Tune parameters only with concrete validation data from your deployment domain.
Per-stream weights
Each core stream (1–5) has a weight in the composition. Defaults are equal:
[streams.weights]
evidence_aggregation = 1.0
uncertainty_quantification = 1.0
temporal_stability = 1.0
cross_source_coherence = 1.0
calibration = 1.0
Weights are normalized at composition time, so absolute magnitudes do not matter; only ratios do.
Action threshold
The threshold above which should_act is set:
[gating]
action_threshold = 0.85 # default
This is the most consequential single parameter in the framework. A higher threshold means fewer actions and more escalations; a lower threshold means more actions and a higher rate of acting on weak evidence. The right value depends entirely on the cost asymmetry of false positives versus false negatives in your deployment.
Abstention rules
[abstention]
core_abstention_max = 2 # max abstaining core streams before forced abstain
coherence_min = 0.4 # min Stream 4 coherence before forced abstain
epistemic_max = 0.7 # max Stream 2 epistemic before forced abstain
The defaults make abstention easy to trigger. This is intentional: a deployment that abstains too often is correctable; a deployment that fails to abstain when it should is dangerous.
Stream 6 (Curveball) sensitivity
[streams.sis]
significance_threshold = 0.95 # confidence level for veto trigger
fingerprint_perturbations = 8 # number of perturbations per evaluation
Higher significance_threshold means fewer false vetoes but more missed detections. Operators should retune this against representative adversarial test cases for their deployment.

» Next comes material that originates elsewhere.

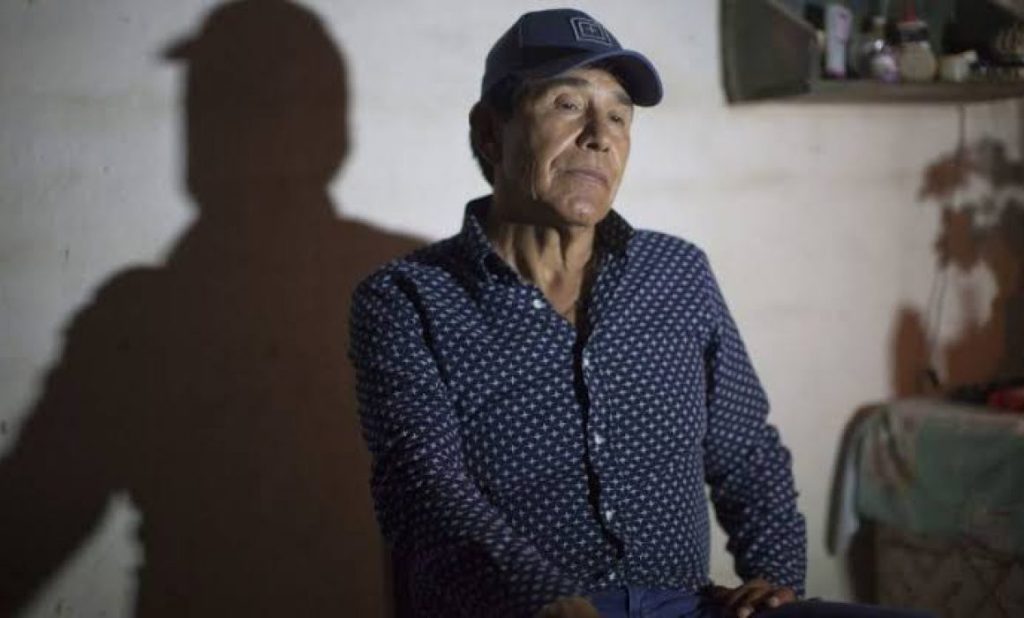 EU pide pena de muerte para Caro Quintero y Vicente Carrillo Fuentes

Stream 3 (Temporal stability) cost knob
[streams.temporal]
perturbation_count = 3 # default; raise for stability resolution, lower for latency
strategy = "paraphrase" # one of: paraphrase, reorder, resample, mixed
This is the most expensive single configuration in the framework, since it controls how many additional model evaluations happen per scoring call. Latency-sensitive deployments may set this to 1 and rely on Stream 4 for the same protection.
Audit chain
[audit]
log_path = "/var/log/verdict-weight/chain.log"
signing_key_id = "ops-key-2026"
checkpoint_every = 10000 # records before checkpoint rotation
signing_key_id is required for audit-bound deployments. The framework will run without it but will warn loudly on every startup; this is intentional.

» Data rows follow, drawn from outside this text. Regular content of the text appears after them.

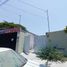  Terreno (Parcela) en venta en Colima, Colima, Colima, Colima
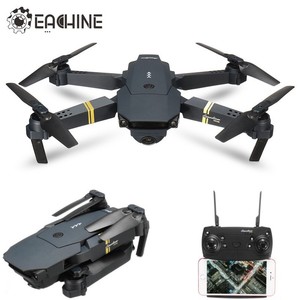 eachine e58 ebay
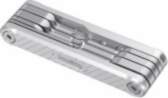 SmallRig 2213 Folding Tool Set with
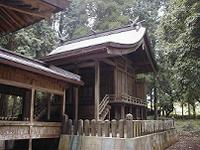 マウスクリックで拡大/縮小します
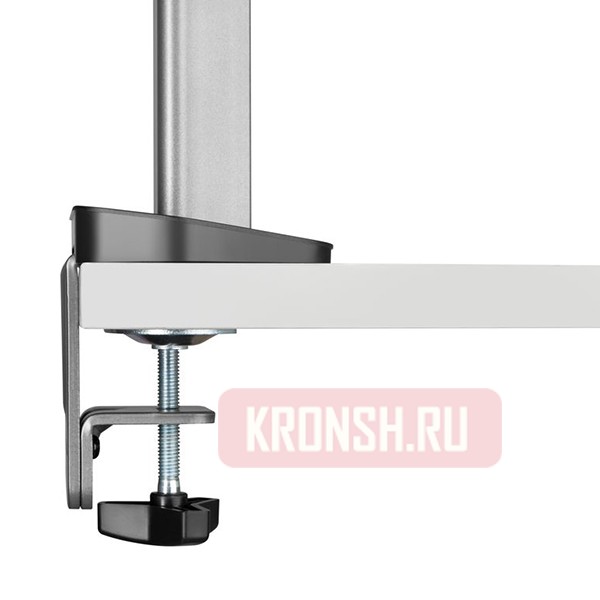 Кронштейн для монитора Exell EXi-MA41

Recommended deployment posture
| Deployment type | Action threshold | Stream 3 perturbations | Stream 6 significance |
|---|
| Defense / national security | 0.95 | 5+ | 0.99 |
| Regulated industry | 0.90 | 3 | 0.95 |
| Internal tooling | 0.80 | 1–3 | 0.90 |
| Research / experimentation | 0.70 | 1 | 0.80 |
These are starting points, not endorsements. Validate against domain-representative data.
Sensitivity analysis
The empirical sensitivity of headline metrics to each hyperparameter is reported in Paper 2. The summary: VERDICT WEIGHT’s quality metrics are robust to ±20% perturbation around the defaults across all configurable parameters. This is the basis for the “tuning is not a deployment-blocking step” claim — defaults work reasonably out of the box, and tuning beyond defaults yields incremental rather than categorical improvement.